Все понимала, а обиделась за мать: она ей только родня, а в дружбе не ровня.
Мать по дороге домой говорила:
– Как же можно не чувствовать? Каждый человек беду и горе переживает. И когда сыт, обут, одет, жизнь легкой не становится. Жить вообще нелегко, трудно, даже счастливым трудно. Оттого, наверное, люди и старятся, устают от труда жить.
Подходила к дому, переживала:
– Разве можно так бросать человека? Ни слова не сказала, бочком мимо и на простор. На какой простор? Все свое с собой и тащишь, куда бы ни подался. Лукьяныч когда в плаще уходит, он сердце успокаивает, он, может быть, жизнь свою заново решает: куда ему теперь, в какую сторону? Потыкается во все перекрытые дороги и назад возвращается. А я со зла, из самолюбия из дома выскочила, как будто от плохого можно прибежать к хорошему.
На крыльце мы задержались, молча вошли на кухню.
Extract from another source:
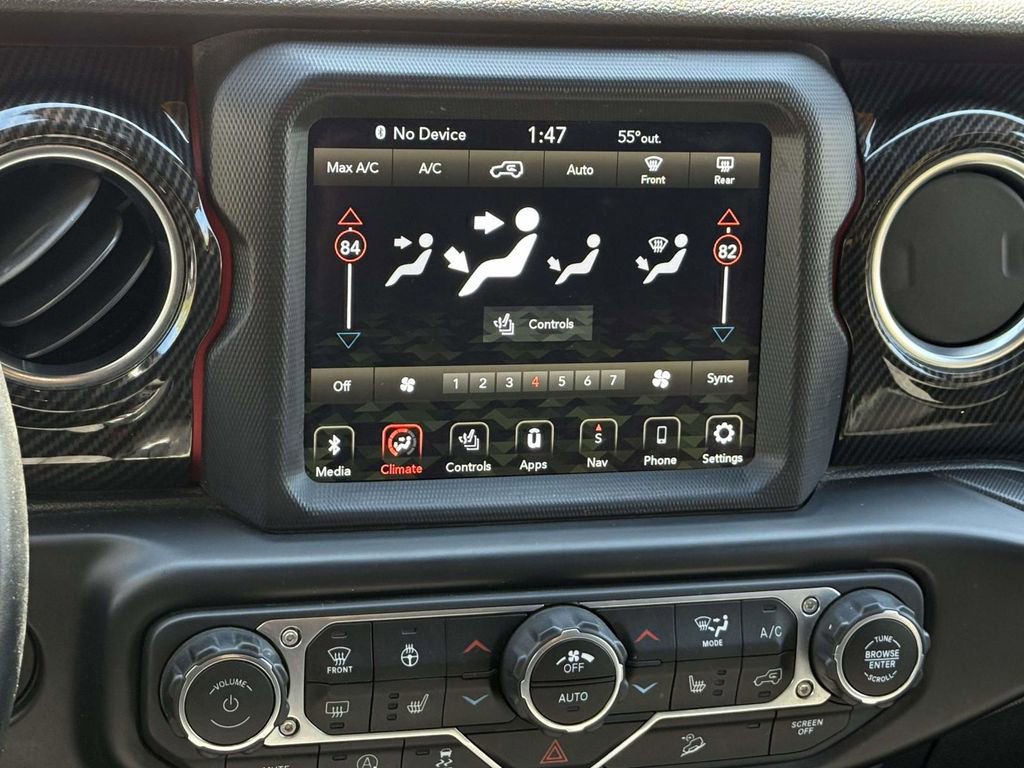 Used 2020 Jeep Wrangler Unlimited Rubicon image 14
В дальней комнате, в зале, слышался голос Ивана Лукьяновича, что-то рассказывал:
– …Привела в музыкальную школу, а там говорят – переросток. Тогда она давай плакать: чем же он виноват, что родился, когда советская власть была бедная, когда музыкальных школ не было. Она советскую власть такой доброй теткой представляла: надо, не надо, а что дает бесплатно, все бери.
О сестре рассказывает. Сестру вспомнил.
– Взяли вас в музыкальную школу? – спросила подруга Томки.
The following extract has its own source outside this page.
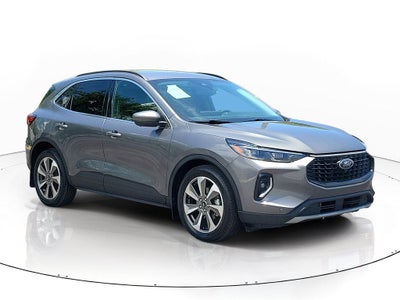 2023 Ford Escape Hybrid Platinum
– Взяли. Она так требовала, что ей причиталось, никто отказать не мог. Муж помер, двое мальчиков да мы с братом у нее на руках. Одна защитница – советская власть.
– И на чем ты играл? – это Томка спросила.
– На пианино. Цыпки на руках, ногти сбитые. Гамму играю: три пальца по очереди на каждую клавишу кладу, потом первый палец под третий подворачиваю. Дома сестра бульбу в мундире по счету всем делит, а я в музыкальной школе «Болезнь куклы», понимаешь ли, Чайковского играю. Потом этюды Черни. Бессмыслица заедала: не понимаю, зачем учусь, кому это надо. А все-таки, как потом понял, ничего не пропадает, никакая наука. В войну, когда уже в Германию вошли, был такой случай. Политзанятия майор проводил про великих немецких людей, чтобы мы, значит, фашизм и народ не отождествляли. Такая лекция для галочки, про великих людей мы со школы знали. А вид у всех зачуханный, усталый, только-только орудия на другие позиции оттащили. И вдруг майор обращается ко мне: зря, говорит, ворон считаете, именно вам совсем не лишнее знать, что был такой великий композитор Бах. «Так точно, – отвечаю, – маленькие инвенции и фуги Иоганна Себастьяна, если бы бемолей поменьше, играть можно».